What are Orthotics?

Foot orthoses are in shoe-medical devices that are used throughout the world in the treatment of mechanically based musculoskeletal pathologies. During your consultation our podiatrists observe movements of the foot, lower limb, spine and pelvis and evaluate the interactions at play to determine if orthotic therapy is a recommended treatment.

 

Historically, they’re efficacy has been thought to be due to supporting, aligning or correcting the foot’s posture or deformity. A more up to date definition of the mechanism in which they produce there results is by altering forces that are transmitted to your muscles, tendons, ligaments and bones. Orthotics are designed to reduce stress in tissues, optimise foot function and improve the biomechanical action of the entire body system. They do this by manipulating the interface in which the foot contacts the ground. In certain instances these principles can be vital to addressing pain and dysfunction within the musculoskeletal system.

 

When prescribing an orthoses it is important that a full biomechanical assessment has been completed.

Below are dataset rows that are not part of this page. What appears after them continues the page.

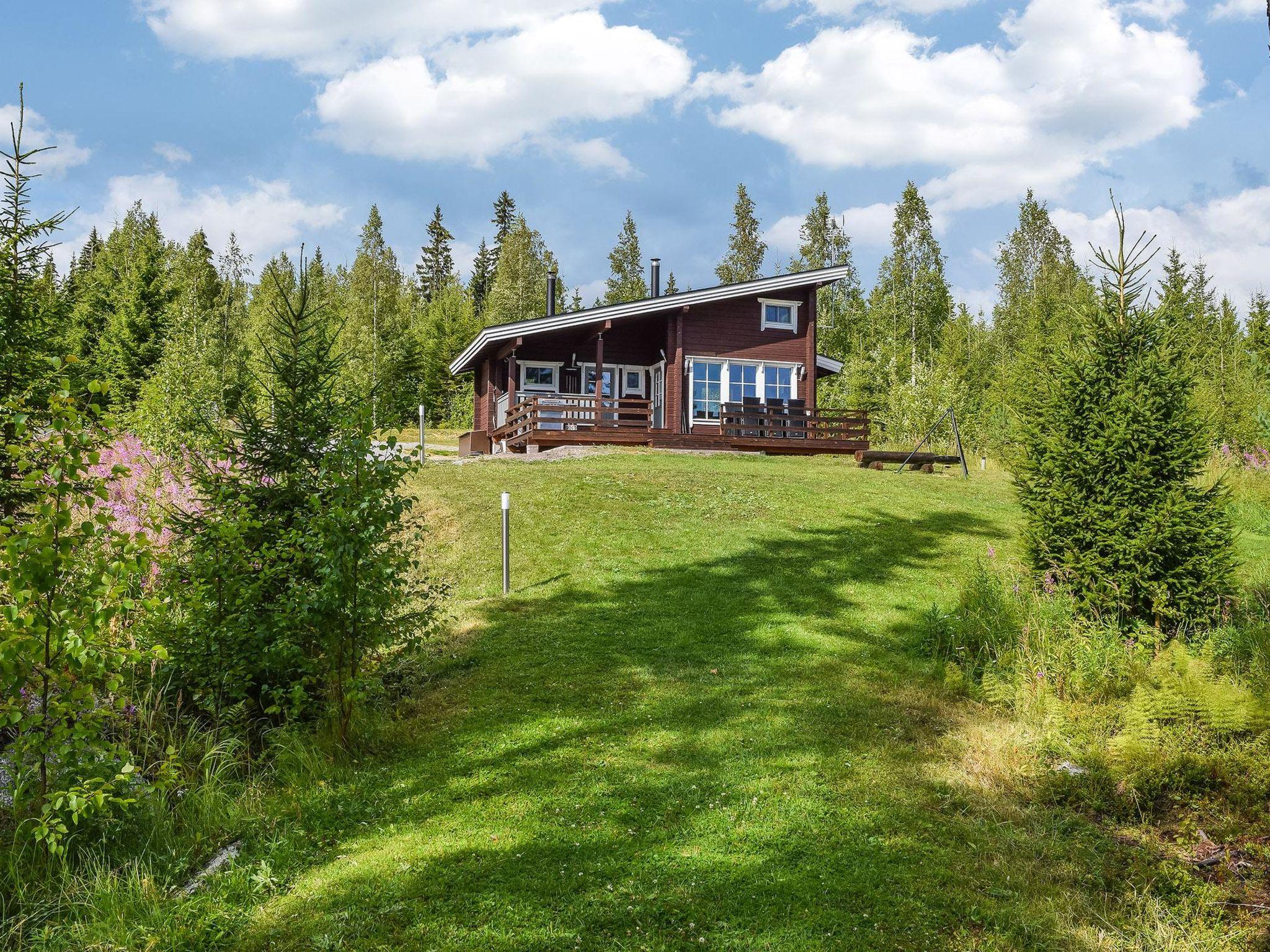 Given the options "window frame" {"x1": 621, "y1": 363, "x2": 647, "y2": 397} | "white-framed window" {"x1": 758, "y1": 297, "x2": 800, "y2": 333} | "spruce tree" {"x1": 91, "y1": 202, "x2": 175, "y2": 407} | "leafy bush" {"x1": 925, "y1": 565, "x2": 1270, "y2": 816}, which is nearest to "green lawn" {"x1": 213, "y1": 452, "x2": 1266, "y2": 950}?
"leafy bush" {"x1": 925, "y1": 565, "x2": 1270, "y2": 816}

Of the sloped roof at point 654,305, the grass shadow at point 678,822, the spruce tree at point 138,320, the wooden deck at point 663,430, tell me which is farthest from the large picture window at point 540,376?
the grass shadow at point 678,822

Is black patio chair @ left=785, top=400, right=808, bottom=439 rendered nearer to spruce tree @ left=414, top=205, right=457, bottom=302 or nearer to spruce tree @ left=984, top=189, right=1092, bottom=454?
spruce tree @ left=984, top=189, right=1092, bottom=454

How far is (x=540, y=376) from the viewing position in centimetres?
2955

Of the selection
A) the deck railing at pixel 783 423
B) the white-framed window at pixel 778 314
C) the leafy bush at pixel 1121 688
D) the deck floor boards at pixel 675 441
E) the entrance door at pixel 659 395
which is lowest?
the leafy bush at pixel 1121 688

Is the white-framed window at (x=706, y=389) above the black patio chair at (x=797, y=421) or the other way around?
above

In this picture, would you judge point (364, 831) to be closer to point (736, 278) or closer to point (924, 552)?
point (924, 552)

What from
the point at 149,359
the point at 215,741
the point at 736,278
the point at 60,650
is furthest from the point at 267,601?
the point at 736,278

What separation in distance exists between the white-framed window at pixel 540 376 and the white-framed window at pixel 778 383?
22.9 ft

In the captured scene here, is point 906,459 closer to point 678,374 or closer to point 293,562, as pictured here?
point 678,374

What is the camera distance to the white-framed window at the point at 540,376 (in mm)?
29406

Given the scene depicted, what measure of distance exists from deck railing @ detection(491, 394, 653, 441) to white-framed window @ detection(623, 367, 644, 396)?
531 millimetres

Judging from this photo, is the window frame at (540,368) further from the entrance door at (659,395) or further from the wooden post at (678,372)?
the wooden post at (678,372)

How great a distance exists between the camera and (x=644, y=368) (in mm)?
29422

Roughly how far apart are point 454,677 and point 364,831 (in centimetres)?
268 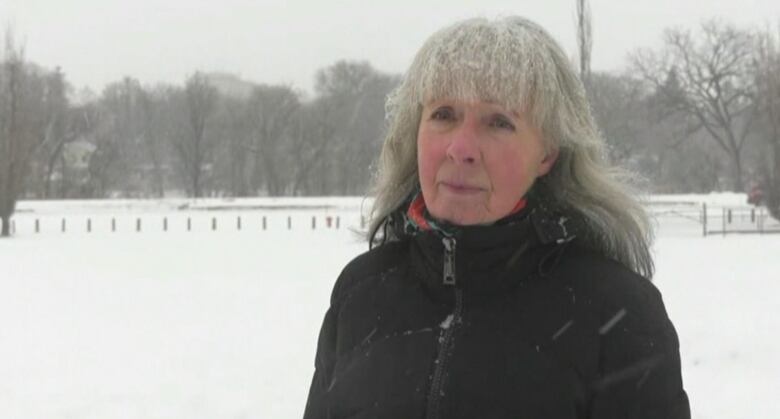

Our podiatrists aim to accurately identify the injured structure/s, the functional characteristics of a person which may have contributed to an injury, and then design patient specific treatment plans aimed at addressing the identified causes which may include orthoses therapy.

 

Selecting an orthoses without regard to the particular injury or foot type at hand is as effective as selecting an antibiotic without regard to the causative pathogen. When prescribing orthoses it is important to consider the dysfunction and pathology of that patient’s specific injury. This allows the device to be more specifically constructed which will improve the overall effectiveness of the therapy.

 

A multitude of different variables need to be considered in the prescription of foot orthoses in order to correctly alter these forces transmitted through your body.

 

A few variables that are important in the prescription process;

  • The surface geometry of the orthoses, the shape and contour of the orthotic
  • The stiffness or flexibility in the materials used.
  • The frictional characteristics of the orthoses (top cover selection)

These considerations assist in manipulating the foot-orthoses interface in a way that more adequately addresses the specific pathology and foot function at hand. This can be the difference between treatment success and treatment failure. Our podiatrists will recommend the best course of treatment whether that is a custom made orthoses or off the shelf orthoses.